Task brief
Which lines run from the one containing "Vue parisienne Pont" through the end of the entries? Restate them word for word, and only those.

Extracted information

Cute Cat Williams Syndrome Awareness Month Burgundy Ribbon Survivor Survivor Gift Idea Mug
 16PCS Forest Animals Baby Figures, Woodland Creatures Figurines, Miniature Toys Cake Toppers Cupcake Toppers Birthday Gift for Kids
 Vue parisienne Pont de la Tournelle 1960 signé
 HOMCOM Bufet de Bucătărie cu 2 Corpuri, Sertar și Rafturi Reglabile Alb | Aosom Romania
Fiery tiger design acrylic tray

Exercise solution
 Vue parisienne Pont de la Tournelle 1960 signé
 HOMCOM Bufet de Bucătărie cu 2 Corpuri, Sertar și Rafturi Reglabile Alb | Aosom Romania
Fiery tiger design acrylic tray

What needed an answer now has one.